An experiment in a room with a 21 ft. ceiling yielded a savings of 23.5% with the use of axial destratification fans.

=== High-volume low-speed (HVLS) fans ===
Because of their size, HVLS fans are normally installed in new construction, rather than retrofits, as the roof structure may have to be redesigned to accommodate the increased weight and size. It's not uncommon to require the relocation of lights, due to strobing as large fan blades pass under them, and sprinkler systems, which typically require unobstructed access to the floor to meet fire code. When used in the summer to encourage evaporative cooling, HVLS fans are run forward, blowing air at the floor. When used for destratification in the winter, the fans are run in reverse, blowing air towards ceiling which then circulates around the room. The height at which HVLS fans can be effective is limited compared to axial destratification fans.

== Benefits of destratification ==

This method has the most benefits through its application in the heating, ventilation, and air conditioning (HVAC) industry and in heating and cooling for buildings and it has been found that "stratification is the single biggest waste of energy in buildings today."

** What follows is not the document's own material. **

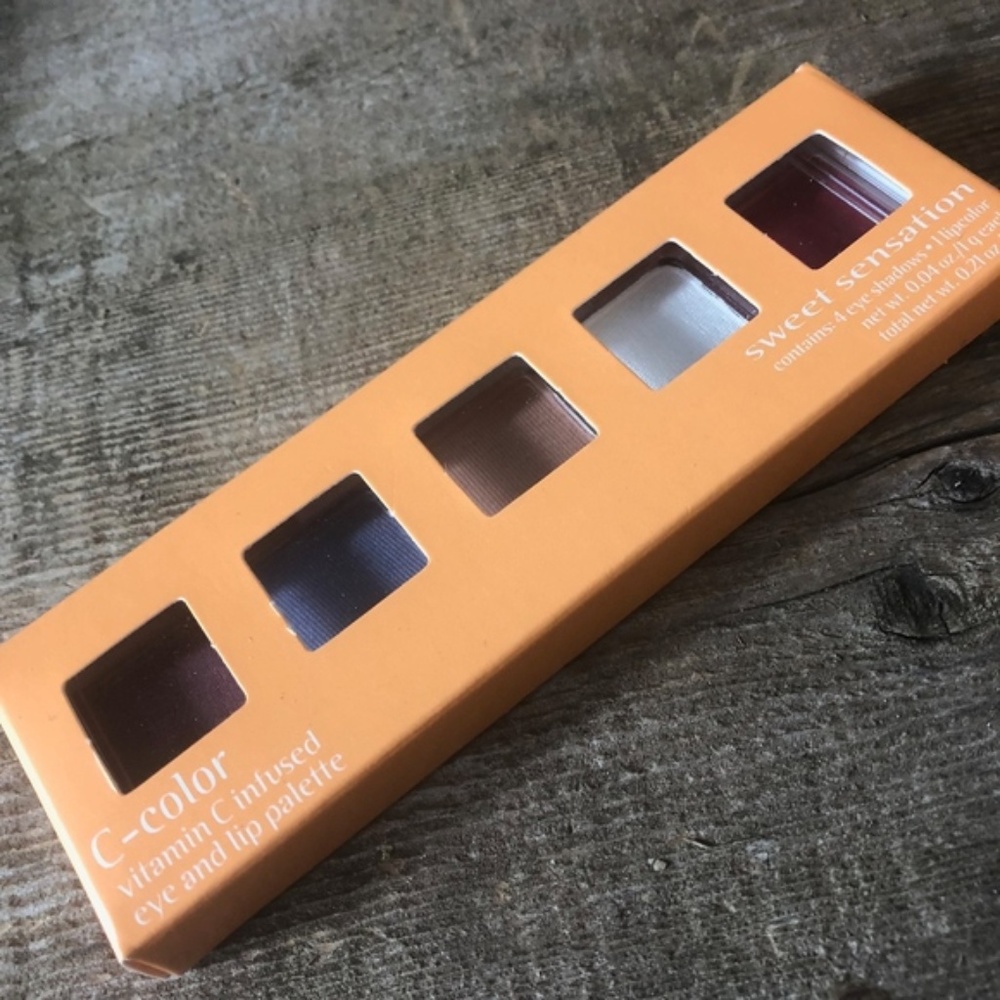 🔥HOT SALE🔥  Vitamin C Eye & Lip Palette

=== For reducing energy consumption ===
By incorporating thermal destratification technology into buildings, energy requirements are reduced as heating systems are no longer over-delivering in order to constantly replace the heat that rises away from the floor area, by redistributing the already heated air from the unoccupied ceiling space back down to floor level, until temperature equalisation is achieved. With regards to cooling destratification systems ensure the cooled air supplied is circulated fully and distributed evenly throughout internal environments, eliminating hot and cold spots and satisfying thermostats for longer periods of time. As a result, destratification technology has great potential for carbon emission reductions due to the reduced energy requirement, and is in turn capable of cutting costs for businesses, sometimes by up to 50%. This is supported by The Carbon Trust which recommends destratification in buildings as one of its top three methods to reduce carbon dioxide emissions.

=== For comfort ===
Destratification naturally increases air movement at the floor, reducing "hot spots" and "cold spots" in a room. It can be used in typically cold areas, like grocery store freezer cases, to warm patrons shopping nearby. In addition, air movement from destratification fans can be used to help meet ASHRAE Standard 62.1 by increasing the amount of air movement at the floor.